Anne-Laure Bell, Fluctuat (France), 14 janvier 2004


Grand Prix au Festival de Cannes, Prix d'interprétation masculine pour ses deux acteurs, Uzak de Nuri Bilge Ceylan fait l'unanimité. Si le plébiscite critique amène parfois à la méfiance, qu'on ne s'y trompe pas, ce film est bien un petit chef d'œuvre. Une oeuvre de voyage, universelle et silencieuse, sur notre temps, un temps de proximité distante, de déconnexion à l'autre et d'isolement.


Cinéaste turque dans un pays où le septième art est sinistré, Nuri Bilge Ceylan fait figure d'ovni. Vingt ans après Yilmaz Gürney, Palme d'Or en 1982 pour son film Yol, Ceylan - les initiés prononcent djeilan - est propulsé sur la scène internationale en un court-métrage et trois longs. L'année dernière, il présentait Uzak à Cannes et était récompensé du Grand Prix, alors que ses deux acteurs principaux recevaient le prix d'interprétation masculine. Si le plébiscite critique amène parfois à la méfiance, qu'on ne s'y trompe pas, ce film est bien un petit chef d'œuvre.

En apparence, l'histoire est simple. Un jeune homme, Yusuf, quitte sa campagne dévastée par les conséquences du chômage et tente sa chance à la ville. Hébergé chez Mahmut, un cousin éloigné, il se frotte à un monde aux réalités loin de ses idéaux. Car il ne suffit pas d'aller dans le port d'Istanbul pour avoir du travail, comme il ne suffit pas d'avoir un cousin pour que celui-ci vous apprécie. Mais pourquoi abandonner ses rêves et l'idée qu'ils se réaliseront un jour ? Voilà une des questions que pose ce film.

L'un a les moyens de concrétiser ce qu'il désirait mais reste immobile, l'autre en est loin et ne cesse d'aller vers son but, revenant toujours au point de départ, tel un chien errant. Regardant et regardé, riches et pauvres, campagnards et citadins… le thème de la distance et de la considération ponctue la filmographie du réalisateur. Ici, la question semble cependant moins matérielle et plus cruciale. Mahmut est complètement désabusé, usé. Il n'a plus la force d'entreprendre ou de rêver. Ni cinéaste, ni photographe artistique - alors qu'il déclarait dans sa jeunesse qu'il serait le nouveau Tarkovski -, il fait des photos publicitaires et gagne très bien sa vie. Le renoncement l'a amené petit à petit à ne plus rien faire. Alors que la photo parfaite se présente sous ses yeux, il n'a même plus la force de sortir son matériel. Le temps de la création ne vient qu'une fois et on ne peut le laisser filer impunément.

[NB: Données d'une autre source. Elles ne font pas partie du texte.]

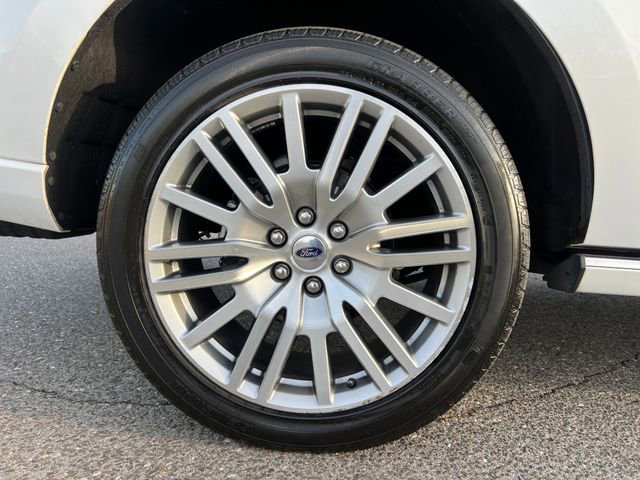 Certified 2023 Ford Expedition Platinum image 15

L'arrivée inopinée de Yusuf, godillot aux pieds et techniques de drague sommaires, fumant des cigarettes de marin, puant et parlant trop, bouleverse l'intérieur et la vie rangée de son cousin. De cette cohabitation particulière, de cette proximité distante, naissent au demeurant de belles ponctuations tragi-comiques qui font tout le sel de leur relation paradoxale. Agacé par cette incarnation d'une sorte de retour du refoulé, Mahmut en éprouve un réel ressentiment, un malaise qui traverse l'écran.

Si ce film a un caractère universel dans son propos - en témoigne sa nomination à l'Oscar du meilleur film étranger et sa programmation dans les festivals du monde entier - sa facture le démontre également. Le réalisateur laisse le plan filer afin de faire exister pleinement les moments de vie contradictoires et ambigus, anecdotiques en apparence. Eprouvant ses comédiens, il tire toute la moelle d'une séquence, et permet furtivement à l'émotion de se déposer lentement sur la pellicule parce qu'il n'y a pas d'autres échappatoires. Le traitement sonore accentue les instants parfois documentaires du film. Peu de dialogues mais des sons nombreux échos de la réalité sociale et politique.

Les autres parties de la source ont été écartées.